— WHAT IS NEEDED —
The entries below contain pictures, which are to be left out; write out exactly, and only, the lines from the line with "New 2026 Hyundai Sonata SE Sedan" up to and including the line with "John Prine till".

— DATA —
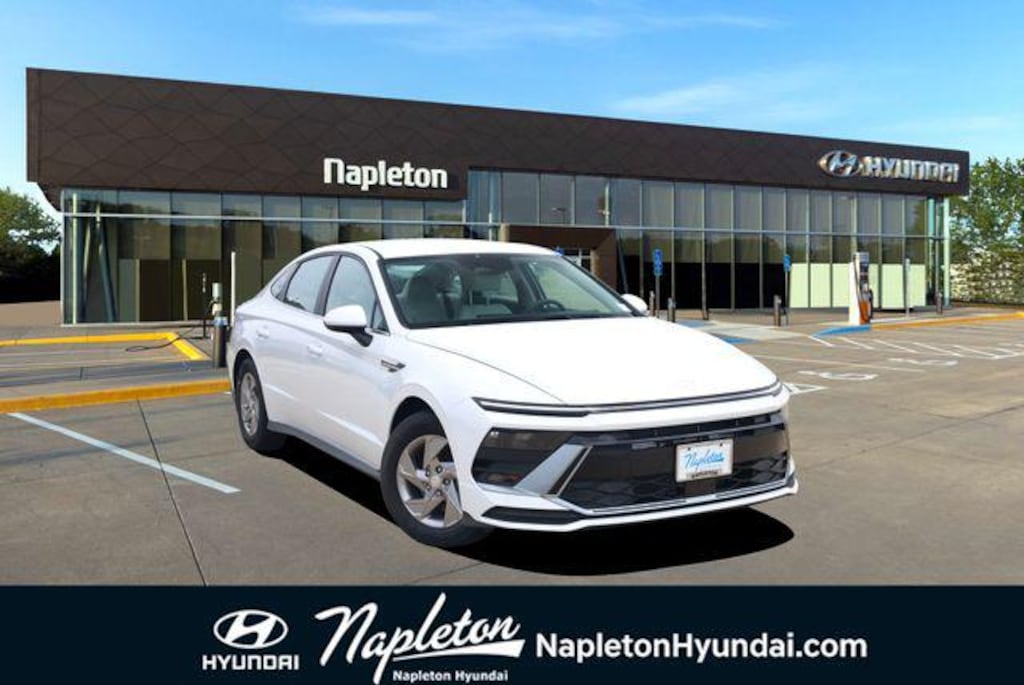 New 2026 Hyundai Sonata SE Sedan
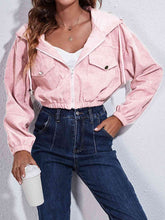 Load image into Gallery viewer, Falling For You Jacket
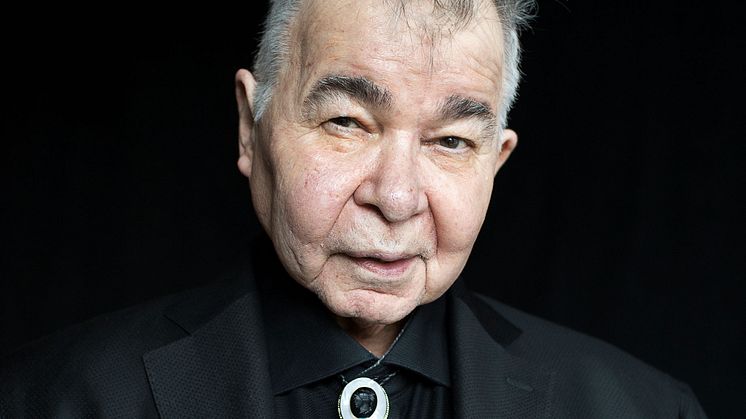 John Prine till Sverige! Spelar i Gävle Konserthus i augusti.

...

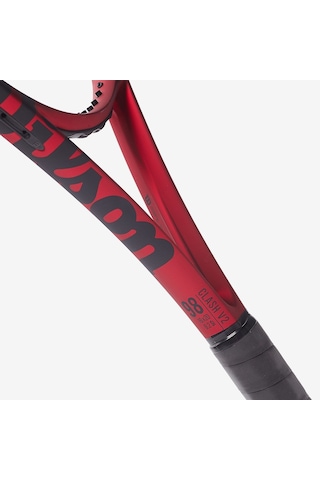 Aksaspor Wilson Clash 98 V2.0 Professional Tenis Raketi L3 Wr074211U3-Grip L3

— OUTPUT OF THE EXERCISE —
 New 2026 Hyundai Sonata SE Sedan
 Load image into Gallery viewer, Falling For You Jacket
 John Prine till Sverige! Spelar i Gävle Konserthus i augusti.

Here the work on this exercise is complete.